As mentioned in our blog on our quest to understand inspiration (read it here), InspireCorps will be spotlighting individuals we interview about inspiration. In this first spotlight on Janet Patti, Ed.D., a professor of educational leadership at Hunter College and founder of Star Factor Coaching, we learned how inspiration can have a ripple effect – in this case, from the person who inspired Janet all the way down to me.
I started off our interview by asking Janet to describe the three defining characteristics of a person who has inspired her. Her response:
“He was positively relentless, living his dreams, and impacting change in the world.”
She was speaking about Robert Muller, a refugee of Nazi imprisonment, who devoted 40 years of his life to the United Nations and world peace. Janet spent a day with him in the mountains, exhilarated by his vision and passion for positive impact in the world. She felt moved by his famous words: “why don’t we teach the history of peace rather than the history of war?”

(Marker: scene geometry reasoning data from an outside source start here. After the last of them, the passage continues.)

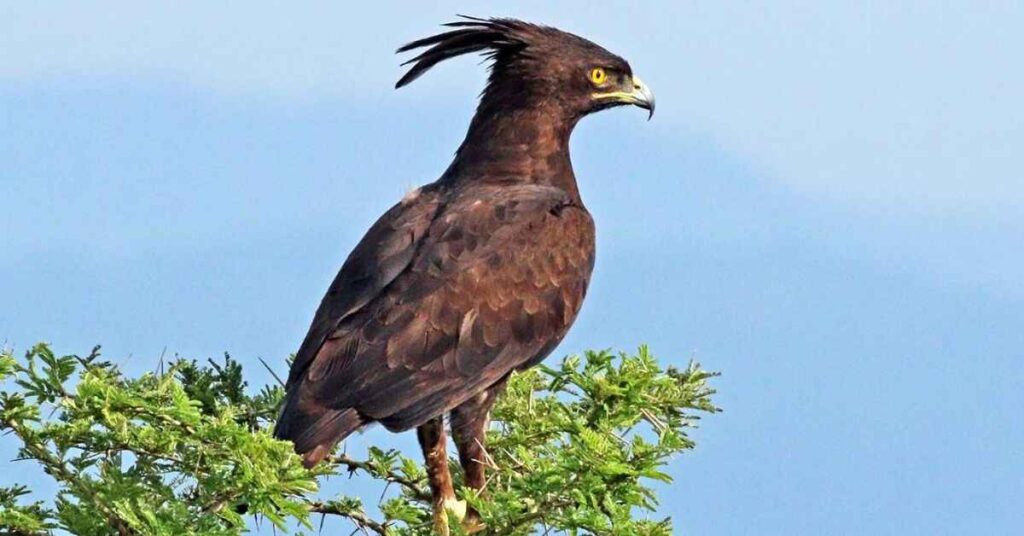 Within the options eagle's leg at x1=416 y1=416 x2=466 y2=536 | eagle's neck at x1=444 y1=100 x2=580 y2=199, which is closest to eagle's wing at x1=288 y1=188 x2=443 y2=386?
eagle's neck at x1=444 y1=100 x2=580 y2=199

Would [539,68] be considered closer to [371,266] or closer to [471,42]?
[471,42]

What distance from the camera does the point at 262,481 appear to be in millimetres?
7008

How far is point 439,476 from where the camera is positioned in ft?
30.9

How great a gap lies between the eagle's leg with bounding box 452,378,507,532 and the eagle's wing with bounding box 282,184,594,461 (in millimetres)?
132

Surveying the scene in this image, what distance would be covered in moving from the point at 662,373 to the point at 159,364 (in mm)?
2756

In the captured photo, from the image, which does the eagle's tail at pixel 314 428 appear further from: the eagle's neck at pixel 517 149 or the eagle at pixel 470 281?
the eagle's neck at pixel 517 149

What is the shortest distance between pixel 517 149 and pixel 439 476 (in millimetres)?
2337

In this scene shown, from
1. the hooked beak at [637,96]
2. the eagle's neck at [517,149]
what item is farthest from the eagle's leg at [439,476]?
the hooked beak at [637,96]

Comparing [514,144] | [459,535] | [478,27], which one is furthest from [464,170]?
[459,535]

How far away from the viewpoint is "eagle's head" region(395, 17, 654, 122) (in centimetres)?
1091

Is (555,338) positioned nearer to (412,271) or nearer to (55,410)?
(412,271)

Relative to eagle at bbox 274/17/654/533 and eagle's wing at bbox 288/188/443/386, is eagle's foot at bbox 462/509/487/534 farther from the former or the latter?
eagle's wing at bbox 288/188/443/386

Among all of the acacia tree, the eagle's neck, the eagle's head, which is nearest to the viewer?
the acacia tree

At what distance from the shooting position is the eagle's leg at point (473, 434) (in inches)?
370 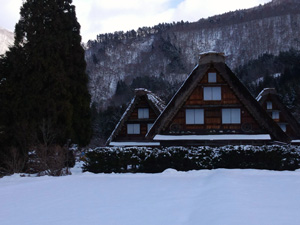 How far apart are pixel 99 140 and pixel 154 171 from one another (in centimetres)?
3536

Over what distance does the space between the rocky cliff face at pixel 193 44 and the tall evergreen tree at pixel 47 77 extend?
5640 inches

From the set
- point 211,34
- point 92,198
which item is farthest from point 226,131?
point 211,34

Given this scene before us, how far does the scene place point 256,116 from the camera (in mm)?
17484

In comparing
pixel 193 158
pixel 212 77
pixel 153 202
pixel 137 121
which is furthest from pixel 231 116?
pixel 153 202

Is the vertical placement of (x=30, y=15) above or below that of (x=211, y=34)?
below

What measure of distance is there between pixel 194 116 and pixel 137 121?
7.65 meters

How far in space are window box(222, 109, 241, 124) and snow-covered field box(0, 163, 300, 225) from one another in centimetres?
658

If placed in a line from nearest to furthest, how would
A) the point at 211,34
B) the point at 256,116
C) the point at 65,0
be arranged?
the point at 256,116, the point at 65,0, the point at 211,34

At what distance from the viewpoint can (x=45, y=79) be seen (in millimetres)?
18891

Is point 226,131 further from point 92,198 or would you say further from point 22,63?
point 22,63

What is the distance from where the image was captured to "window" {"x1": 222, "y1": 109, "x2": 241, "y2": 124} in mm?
18250

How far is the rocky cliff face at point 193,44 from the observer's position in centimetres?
17275

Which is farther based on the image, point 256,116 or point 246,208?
point 256,116

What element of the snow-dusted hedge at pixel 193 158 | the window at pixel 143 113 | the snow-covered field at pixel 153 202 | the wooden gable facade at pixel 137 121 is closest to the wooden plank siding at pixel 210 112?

As she talked about Robert Muller and his many positive qualities as a leader and human being, I kept thinking about how these same qualities describe my experience of Janet’s leadership style.
As someone who has known Janet Patti both personally and professionally for eight years, I know that her mission is to make the world a more peaceful and empathetic place. In her current role as a professor, she teaches emotional intelligence-based leadership development to educational leaders. She believes that adults set the tone for students, and greater empathy at the leadership level trickles down to cultivate empathetic students. With more empathetic students as our future leaders, a more empathetic society leads to a more peaceful society.
Like Robert Muller, she lives her dream by impacting change in the world through spreading awareness and practice of empathy and emotional intelligence. This is her vision for how we accomplish peace.
Her leadership in the field of emotional intelligence and her positive impact on the world – peace through empathy – inspires me. I also feel inspired by her positively relentless attitude toward others and especially toward me.
My first personal experience of Janet was at the Yale Center for Emotional Intelligence, where I formerly worked when she consulted there. From the moment she walked into the room, she filled it up with her love, compassion, and caring for those around her. I experienced academia as intellect-driven and, as a result, sometimes cold and impersonal. Even though I barely knew her at the time, Janet immediately made me feel at ease, supported, and encouraged. Since then, she has actively sponsored me by inviting me to co-author with her on original research and emotional intelligence coaching programs. She demonstrates a positively relentless attitude toward me by believing in me and actively supporting me, and, as a result, I feel valued, respected, and confident around her.
Noticing the similarity between how Robert Muller inspired Janet and how Janet now inspires me, I wonder:
Can we know how to inspire others by knowing what inspires us and replicating it?
I leave you with a call to question: who inspires you in your life or work? Take a few minutes to think about his or her defining qualities. Then, consider how you demonstrate these qualities yourself… how you answer these questions may provide you with some answers about your own secret sauce for inspiring those around you.